Whenever we think about designing for the differently-abled, the first image that pops up in our heads is the introduction of ramps or handrails. Over the years designers and planners have increasingly focussed on physical impairments and have remained aloof to the needs of the cognitively impaired in a built environment. In the UK alone, it is estimated that almost 850,000 people are living with dementia and this figure is estimated to rise to 1.6 million by 2040 (Twyford & Porteus, 2021). These figures also entail the increment in housing costs for people with dementia from 34.7 billion in 2021 to 94.1 billion in 2040 (Hussein, 2021). These alarming figures suggest that the design industry needs to adopt the proposal of sensitive considerations catering to people with dementia as the normalized design process, rather than them being preventive or corrective measures being introduced after completion of the built space. When designing a space for people living with dementia, it is essential that the spaces are tailored according to their expectations and needs. Be it their own home or a residential care setting, the application of sensitive design elements and principles can enable them to reside contently for a prolonged period in a desirable residential setting. Such designing methodologies also ensure that people living with dementia feel independent and confident while actively being part of the community.
The Waverley Residential Home located in Galashiels is one such project where the interior spaces need sensitive design interventions to make the interiors feel intuitive and dementia-friendly. The following project is an attempt to introduce interior elements and design principles to the existing built form that reinforces the feeling of being at home and part of the community combined with a strong sense of confidence and independence.
The central circulation corridor that is also the busiest portion of this building draws its inspiration from the hustle and bustle of a town square.

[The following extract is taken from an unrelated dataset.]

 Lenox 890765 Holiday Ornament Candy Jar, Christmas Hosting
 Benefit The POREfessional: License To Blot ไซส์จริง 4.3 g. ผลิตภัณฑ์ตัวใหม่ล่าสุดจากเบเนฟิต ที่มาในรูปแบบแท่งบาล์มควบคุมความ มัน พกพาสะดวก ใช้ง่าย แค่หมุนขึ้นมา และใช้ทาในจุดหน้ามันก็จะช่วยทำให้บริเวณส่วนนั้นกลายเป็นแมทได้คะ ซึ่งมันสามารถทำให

To encapsulate this theme, a full-size wall mural has been proposed opposite to the seating area. This space receives plenty of natural illumination through the skylight. Artificial Turf and indoor plants beside the sitting bench along with the wall mural, retro street lamps and signages help this space attain its 'Town Square' character.
As people living with dementia have a tendency to explore and wander their residential spaces, each corridor's termination point has been provided with a wall/door-mounted folding table and chair. These can be folded back to create more space in the corridor or when a door needs to be used. Moreover, this area will also provide a destination for the journey taken by an explorer. At these resting spaces, explorers can catch a breath and relax, have a light snack, triangulate their current location and device a new journey or even call on a care worker if help is needed. Full-size wall murals of the townscape such as the Church, school, bank etc act as landmarks for navigation and wayfinding in the circulation spaces for people living with dementia.